Art in America (by Clairan Ferrono)

Last year I subscribed to Art in America for the first time, and I’ve really been enjoying it.  I must admit that I mostly look at the pictures, because I often don’t understand or am uninterested in the articles — although now and again one really captures my attention.  But the pictures are worth the expense!  I bookmark the ones I want to study, and then I look up the artist on the internet.  Sometimes I see work I don’t know by old friends like Frankenthaler,  Rothko, Mitchell, Richter or  Close.

Frankenthaler Crossing 1983

Frankenthaler Crossing 1983

But more often it is younger artists whose work I am unfamiliar with such as MaryBeth Thielhelm,

Thielhelm Forest Sage Sea 2007

Thielhelm Forest Sage Sea 2007

Stuart Shils,,

Stuart Shils

Stuart Shils

Stuart Shils

Stuart Shils

or Lousie Fishman

Fishman AllNight and All Day 2008

Fishman AllNight and All Day 2008

I was delighted to come across Robert Kushner  again after reading about him in Pattern and Decoration (ed Anne Swartz).

Kushner Cherries

Kushner Cherries

And when I checked out

Albert Oehlen at the Luhring Augustine site

I discovered a gallery that fascinates me – it’s like architecture.  Plus I like  or am interested in or intrigued by a lot of the work in the archives.

As an added bonus some photographs of Greenland set me on an internet hunt which led me to Ultima Thule (literally the ends of the earth) and this site     ( I must admit to being somewhat obsessed by Greenland.)



As a group we fiber artists can be very close knit 🙂 which is generally great, but can lead to insularity and inadvertant similarities in work.  I find it helps me tremendously to simply look outside my comfort zone and see what’s happening in the art world today.

7 Responses to “Art in America (by Clairan Ferrono)”

  1. 1 Irvin Mcgee May 4, 2009 at 1:14 pm

    Hey Nice blog here I’m adding it to my rss feeder, hope you update often!

  2. 2 Olga May 4, 2009 at 7:29 am

    I agree with so much of what you say in this post.

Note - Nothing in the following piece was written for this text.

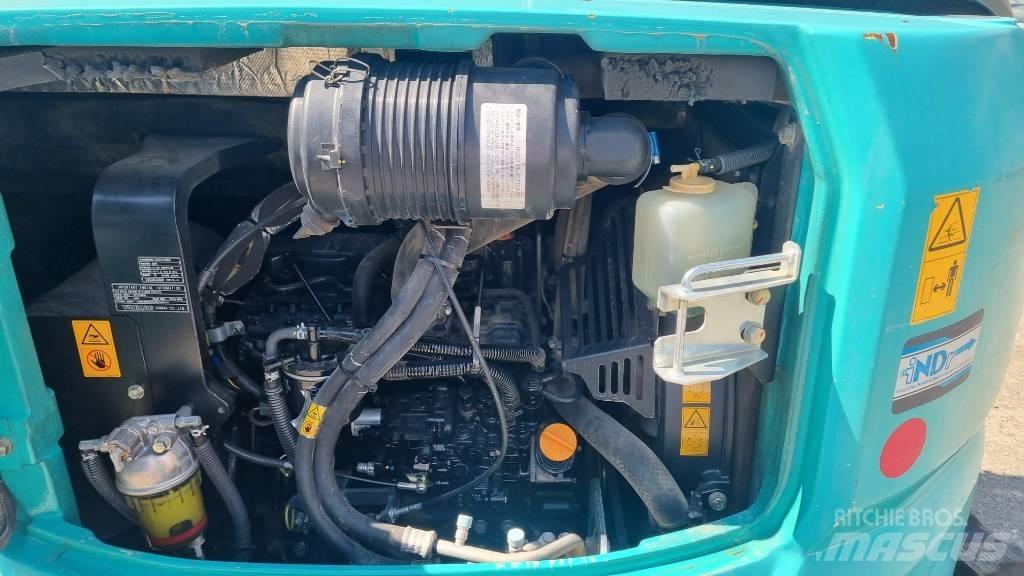 Kobelco SK 55 SRX-6 Εκσκαφάκι (διαβολάκι) < 7t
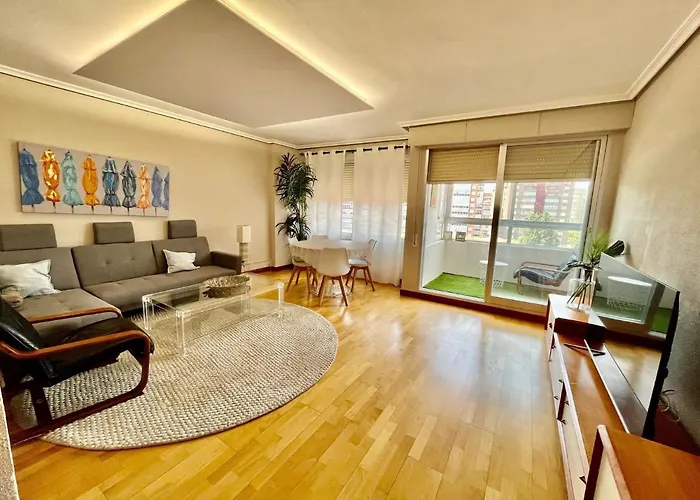 Atuaire Home Agradable Apartamento En El Centro De Burgos Parking Incluido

I do not subscribe to Art in America but buy it from time to time, dipping in, or plunging into intese study. And yes, the ads are just as nutritous as the articles.

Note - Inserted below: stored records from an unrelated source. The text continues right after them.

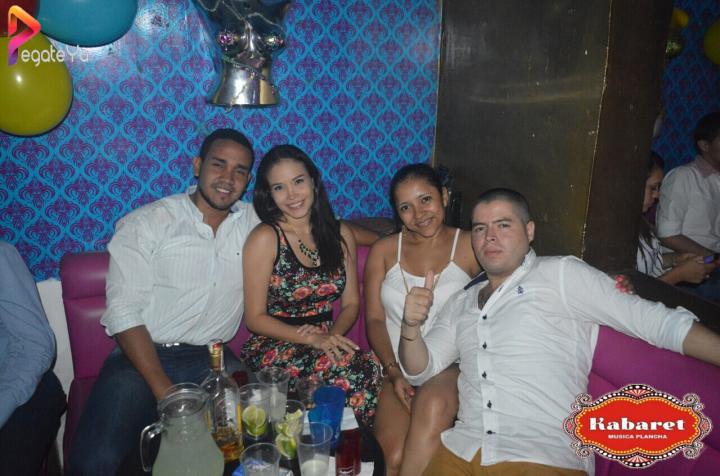Foto 17 de Kabaret - 2do Fds Abril 2016 en Kabaret - Granada, Cali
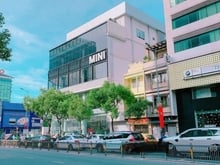 Hình ảnh Tòa nhà văn phòng, 8 tầng, Cách Mạng Tháng 8, 2 mặt tiền kinh doanh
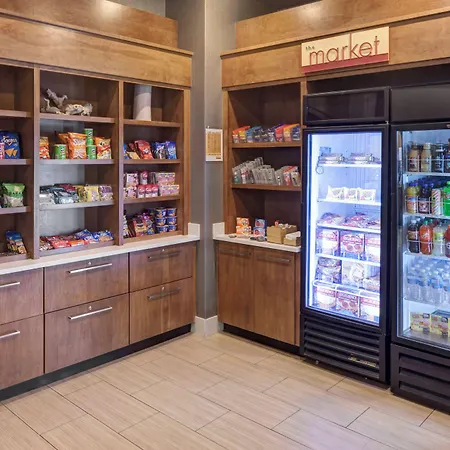 Springhill Suites By Marriott Salt Lake City Airport-2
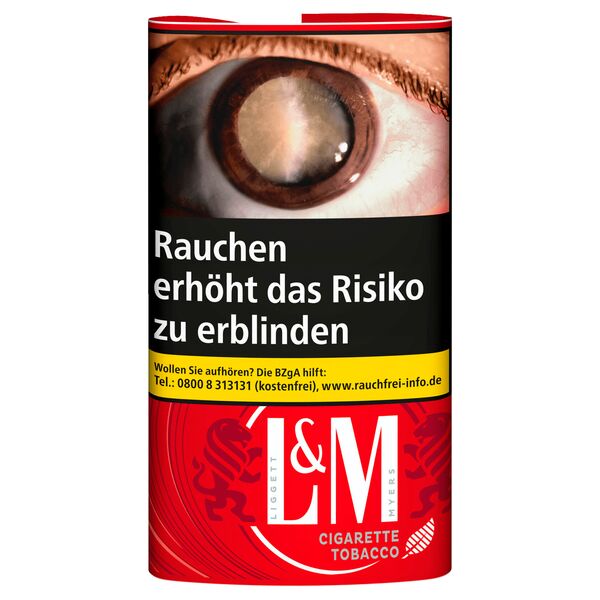 L&M Tobacco Red 30g - 7,90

    I agree about it being important to range over disciplines. I used to subscribe to Sculpture magazine before the exchange rate made it too costly for me. I found it one of the few mags which I read from cover to cover. Another in that category is the Australian Craft Arts:
    As well as sculpture, ceramics is another love of mine, and I buy Ceramic Review magazine once or twice a year when the contents attract me.

    A good magazine is a glorious resource, especially as a springboard for internet exploration, as you say. Coincidentally, I too am drawn to things Arctic, and rising up my Amazon wish list is The Ice Museum: In Search of the Lost Land of Thule by Joanna Kavenna. So we fibre folks can be close knit even in our diversity!

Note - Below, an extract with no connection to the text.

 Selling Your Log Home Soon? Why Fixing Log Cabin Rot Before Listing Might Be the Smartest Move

  3. 3 clairan May 2, 2009 at 6:58 pm

    I’m sure she’s the idol of many of us — and we’re rarely idle! But seriously, it’s wonderful to come across her work when you don’t expect it!

  4. 4 fractalista2005 May 2, 2009 at 3:58 pm

    too bad we can’t edit – I meant Frankenthaler was my “idol” not idle – lolol. A senior moment for sure!

  5. 5 fractalista2005 May 2, 2009 at 3:56 pm

    I subscribed to Art in America for many years, then they sort of “lost” me – and I tried Art Forum for a while, then Art News came on the scene. While I’m a mixed media artist, which includes a large portion of fiber, I started out as a painter so I’m always interested in what is au currant in the mainstream artstream. I love the artists’ work you selected to mention – especially the paintings by Shils. But Frankenthaler – my all time favorite – have many books about her as she was my idle while I was working on my BFA – gave me feminist hope!

    Artfully speaking,
    Anna Rice – Tampa FL

  6. 6 clairan May 2, 2009 at 12:11 pm

    Oh yes, I absolutely look closely at the ads.

  7. 7 eileen May 2, 2009 at 7:36 am

    I’ve been subscribing for a couple of years. They did a major overhaul of the magazine a few months ago and it is a bit less dense. This is one of the few publications where I scrutinize the ads as much as the articles. It is a good way to see what’s being shown in the broader art world.